He died in 2010 aged 82. Two years later the then-current Labour MP for Rochdale Simon Danczuk accused him of child abuse in Parliament and followed it up with a book very light on dates and lacking any accusations about people who were still alive. I don't know what to make of it all but certainly there's been some very lazy journalism in covering the allegations because some of the propositions are utterly ludicrous.
Nobody seemed inclined to consider that Danczuk, who'd only scraped home because dozy local Tories forgot they needed to vote tactically, had a vested interest in smearing the Liberal Democrats.
The proposition that MI5 repeatedly intervened to protect him as part of an Establishment cover-up is preposterous. Cyril was an obscure Northern politician then a lone wolf in a party with a mere handful of MPs. When on earth was he part of the "Establishment" ? He's accused of clandestine activities in a London paedophile ring but he was the most easily recognisable man in the country; he couldn't go anywhere in secret. . Geoffrey Dickens the neighbouring Tory MP seemingly rehabilitated for his "dossier" on Westminster paedophiles used a picture of him and Cyril together and an apparent endorsement in his 1992 election leaflets so Cyril can't have been in it.

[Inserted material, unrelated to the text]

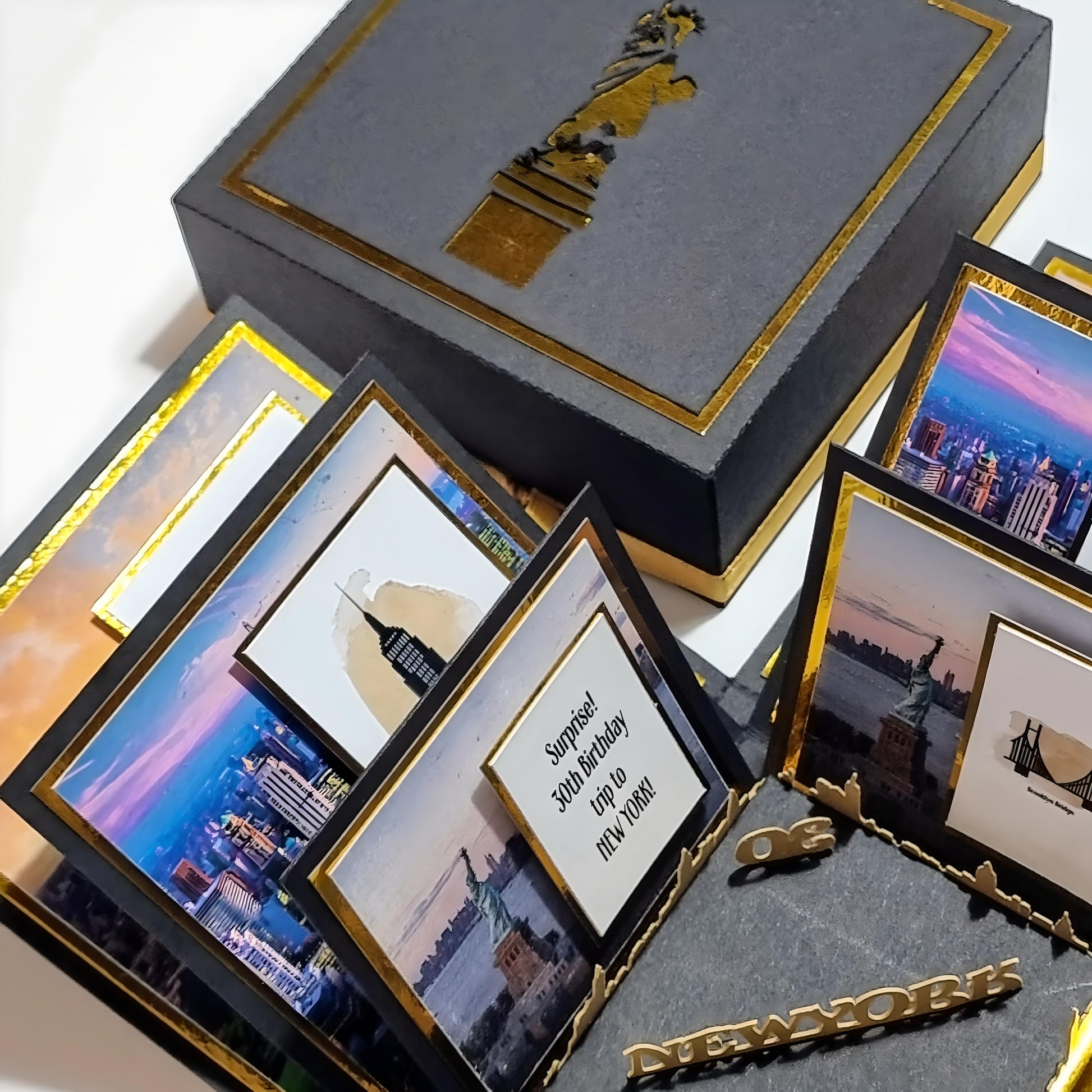 New York - Black & Gold - Surprise Special Occasion | Celebration Trip Reveal Explosion Box featuring iconic New York architecture, including a freestanding Statue of Liberty, within an intricately designed box.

The police decision not to prosecute Cyril over the Cambridge House incidents is perfectly understandable in the context of the late sixties without any need for conspiracy theory. Cyril's spankings would have been viewed as a humiliation punishment rather than a sexual offence and the recipients were all juvenile delinquents. Even if a jury believed he'd done it, they would have applauded his actions and acquitted him. Taking the case further would have been a complete waste of public money.